The World Bank predicts that Angolan economy grows 3.1% this year and slows to less than 3% by 2024thus maintaining growth below the regional average, due to the slowdown in oil production.
Angola’s growth rate is expected to drop from 3.1% this year to 2.8% in 2023 and stabilize at 2.9% in 2024″, reads the Africa Pulsar report released Tuesday by the World Bank in Washington.
The poor performance is explained by the lower oil prices, with the economy still depending on this sector for growth“, adds the document, which revises upwards the growth forecast made in April, estimating 0.2 percentage points more growth this year than that forecast in April, in the previous edition of Pulsar Africa.
This improvement “reflects the contribution of the higher-than-expected rise in oil prices, which should be around US$100 per barrel, on average, this year,” explain World Bank economists.
At the regional level, the World Bank revised downwards the growth forecast for sub-Saharan Africa, anticipating an expansion of 3.3%, down from 4.1% in 2021, and defended the “urgent need” to restore macroeconomic stability. .
“Global headwinds are slowing Africa’s economic growth as countries continue to grapple with rising inflation and struggle to make progress on poverty reduction,” reads the Pulsar Africa report, released today. today in Washington, on the eve of the Annual Meetings of the World Bank and the International Monetary Fund (IMF).
Economic growth in sub-Saharan Africa is expected to slow from 4.1% in 2021 to 3.3% this year, representing a downward revision of 0.3 percentage point from the April forecast, mainly as result of the slowdown in world growth, including the reduction in Chinese demand for raw materials produced in Africa”, adds the report, which analyzes the economy of this African region.
Sub-Saharan Africa, say World Bank economists, is being severely damaged by Russia’s war in Ukraine, which has pushed inflation above 5% in 29 of the 33 countries in the region with up-to-date data, with 17 countries reporting a rate two digits. price increase.

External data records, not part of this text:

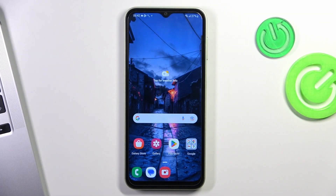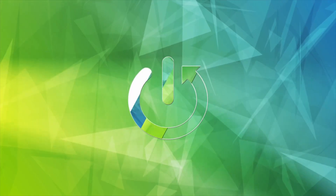Hi, welcome to the Hard Reset Info channel. In front of me is a Galaxy M04 device, and now I'm going to show you how to recover deleted photos and videos from the recycle bin.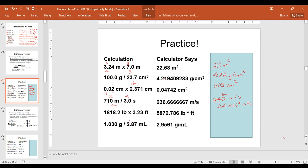The next one has five significant figures and three significant figures, so we're going to round our answer to three significant figures. I'm not going to change how large the number is, but I'll write it as 5870 pounds-feet, or as 5.87 times 10³ pounds-feet.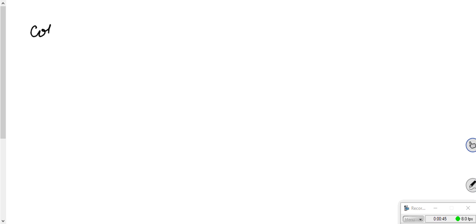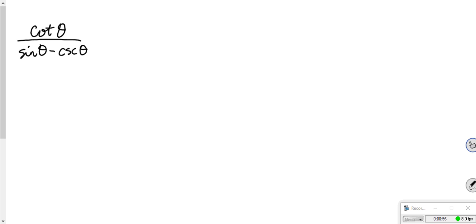Problem 8: we have cotangent theta over sine theta minus cosecant theta. Remember, the goal on these is to rewrite trig functions in terms of sine and cosine. That is usually the best way to start.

“This trend undermines efforts to reduce poverty, which had already been shaken by the impact of the Covid-19 pandemic,” World Bank Chief Economist for Africa Andrew Dabalen was quoted as saying in the press release.
defending a “urgent action” by policymakers to protect the most vulnerable, the official noted that it is necessary “restore macroeconomic stability and support the poorest households, and redirect spending on food and agriculture to ensure future resilience.”

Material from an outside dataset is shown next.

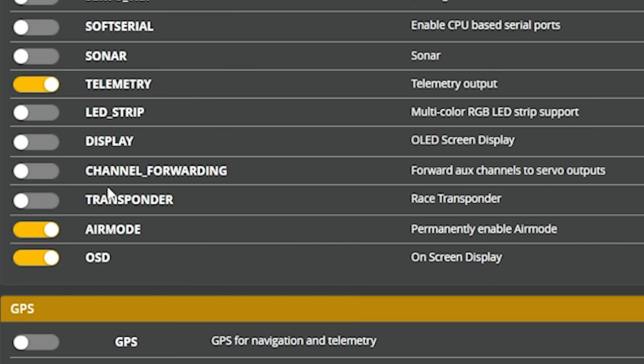Channel forwarding is used to forward some of your aux channels to servo outputs on the flight controller. Imagine you want a switch on your controller to cause a servo to move — like to tilt a camera up and down using a slider on your controller. You would need to output one of your aux channels to that servo, and you would enable the channel forwarding feature in Betaflight. There's more setup required involving the servo tab — I've got a tutorial about how to set that up linked in the video description.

As for public debt, the World Bank says that “it will remain high, at 58.6% of GDP this year”, adding that African governments spent 16.5% of their income on paying external debt last year , when in 2010, the percentage of income used for debt service was less than 5%.

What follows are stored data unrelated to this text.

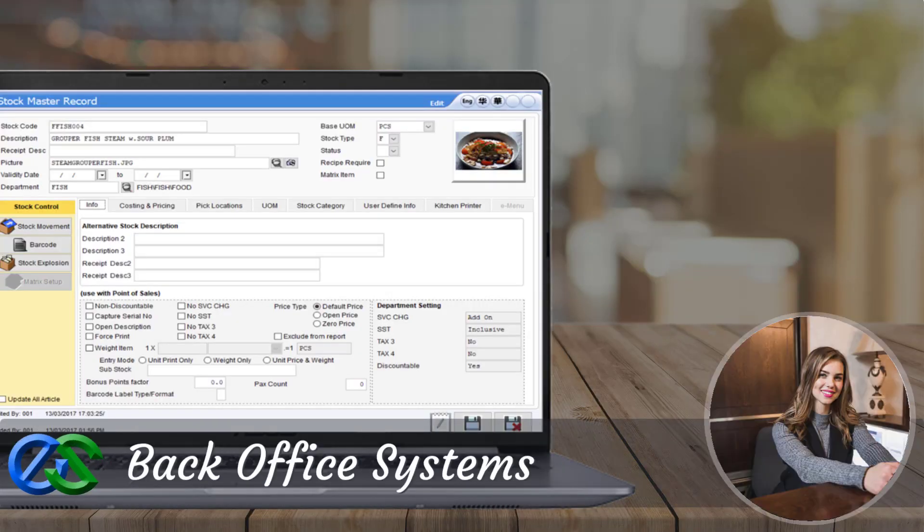The back office system is a platform for users to create and maintain selling items, as well as manage promotions and view reports.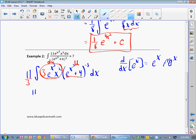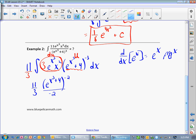So we've got 11/3. The integral of u to the negative third — how do we do that? It's the same as x to the negative third: add 1 to the exponent, divide by the new exponent. In this case, add 1 to the exponent. So I'm going to have e to the x cubed plus 4 to the negative second, and that's going to be over negative 2.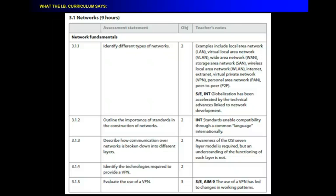The virtual private network, the personal area network, and the peer-to-peer network. So, this is what it's saying is these are examples. It doesn't say you have to know this. What it says you have to know is that there are different types of networks.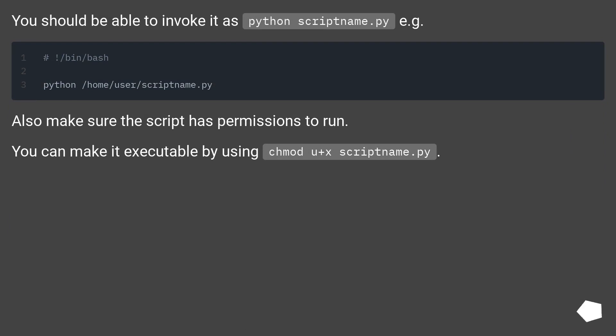Also make sure the script has permissions to run. You can make it executable by using chmod u+x scriptname.py.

“Eight of the 38 IDA-eligible countries are in debt trouble [“debt distress”, no original em inglês], and another 14 are at risk of joining; At the same time, high trade financing costs make it difficult for these countries to finance themselves in domestic and international markets, in a context in which tighter monetary conditions are weakening currencies and increasing external borrowing costs for countries. Africans,” the report reads.